## [RECORDS SHOWN]

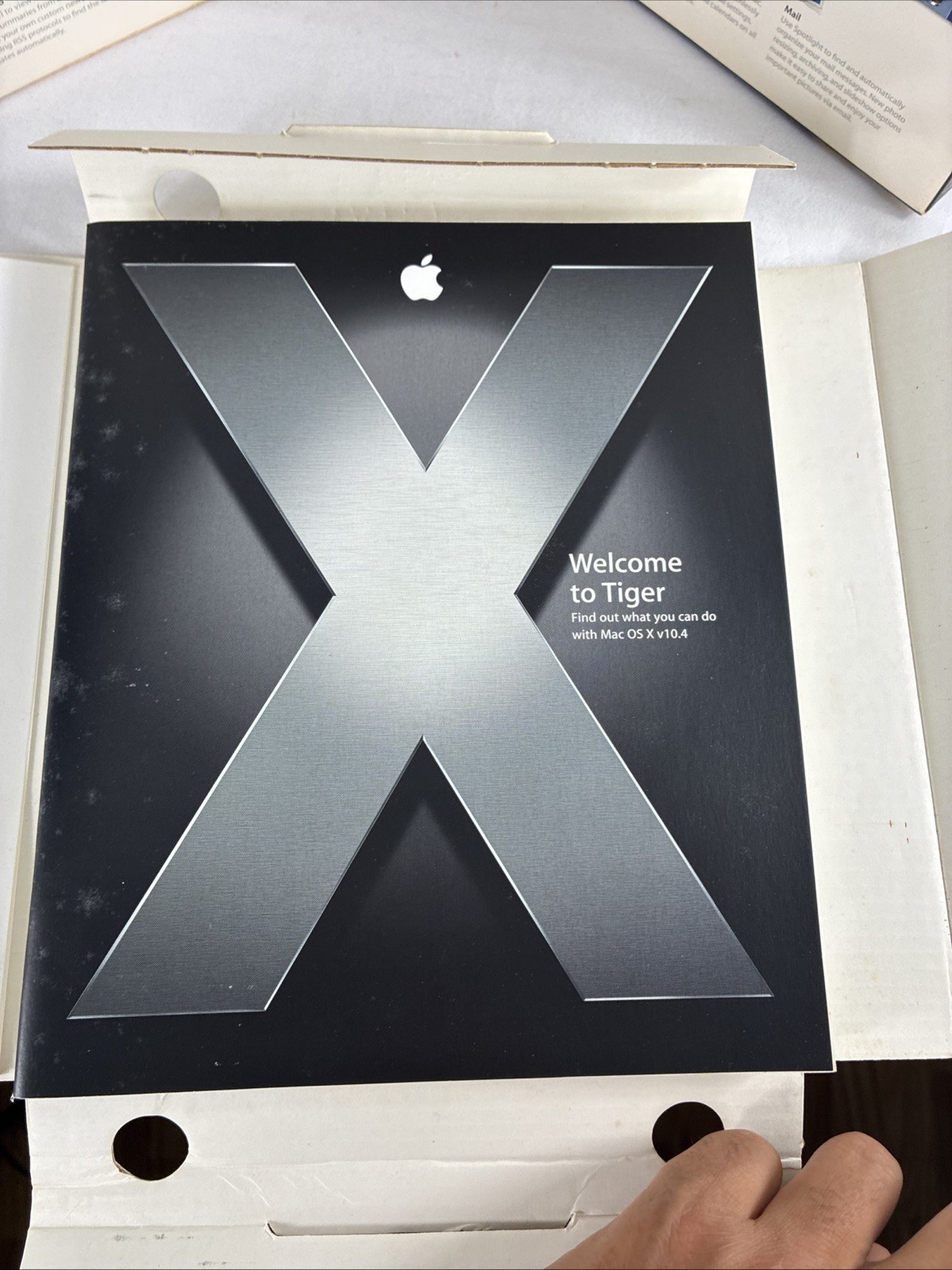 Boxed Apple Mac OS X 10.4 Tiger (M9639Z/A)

---

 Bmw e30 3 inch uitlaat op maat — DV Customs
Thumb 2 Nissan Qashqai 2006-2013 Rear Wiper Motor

## [WHAT TO WORK ON]
Beginning at the line above that contains "Bmw e30 3 inch uitlaat op maat — DV Customs", return each line exactly through the line that contains "Thumb 2 Nissan", and no others.

## [PROBLEM SOLUTION]
 Bmw e30 3 inch uitlaat op maat — DV Customs
Thumb 2 Nissan Qashqai 2006-2013 Rear Wiper Motor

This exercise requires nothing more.